My understanding of SPOF is a system where a maximum of one component can cause a catastrophic failure. This is a good thing, because it minimizes the probability of a catastrophic failure. SPOF is a characteristic of a system, not a component.
In the computer business, people universally use SPOF as a term to describe any component that can bring the entire system down. To them, a SPOF is a critical component that is not redundant. This defnition is apparently so entrenched that I was unable to google anything other than this definition.
I think the computer people have it wrong. And ordinarily I couldn’t give a flip about terminology wars, except I believe SPOF has a specific and unambiguous meaning that is being lost through misuse.
What say you?
[/QUOTE]
I’m a mechanical engineer working in aerospace (rocket boosters and support systems); our definition for single point of failure–used in reliability and FMECA (Failure Modes and Effects Criticality Analysis)–is definitely the second. SPFs are to be avoided whenver possible; even if the incidence (or occurance)–one of three general categories used to rate the risk level–is low, the severity of failure is high, because it means an instant failure of a subsystem and potentially the entire system in some mode. (The third category is detectability or inspection, i.e. your ability to detect or identify a failure before it becomes critical to operation.) SPOFs are always high risk, and are only mitigated by a combination of high design margins, proof and acceptance testing, and inspection. Although you would like to get rid of any single point failures in a system–especially one like an aircraft or rocket booster where system failure means mission failure, loss of payload, and potential hazard–it simply isn’t possible to design a complex system without some kind of SPF as Balthizar notes.

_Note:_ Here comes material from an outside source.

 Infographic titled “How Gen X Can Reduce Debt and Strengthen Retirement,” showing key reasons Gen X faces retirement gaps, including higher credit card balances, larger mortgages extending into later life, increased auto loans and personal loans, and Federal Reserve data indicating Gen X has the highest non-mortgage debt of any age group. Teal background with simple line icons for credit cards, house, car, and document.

I have to admit that I don’t really understand the o.p.'s first definition: “…a maximum of one component can cause a catastrophic failure. This is a good thing, because it minimizes the probability of a catastrophic failure…” I think he means that it is a system in which only one component can fail (???), or that the failure of one component in the system does not impact the operation of other components in the system, either because all components are redundant or because the function of an individual component is not critical to the rest of the system. In reliabillity engineering terms this would be called a “fully redundant system” (or dual redundant, triple redundant, et cetera). In rocket boosters, flight termination systems (ordnance designed to stop the motor from thrusting and/or break it into pieces that post a minimal hazard to people and structures) are always at least dual redundant; that is, they have two seperate antenna, triggering systems, ordnance lines, et cetera, so that the failure of any component on one system doesn’t impact the reliability of the other system.
Stranger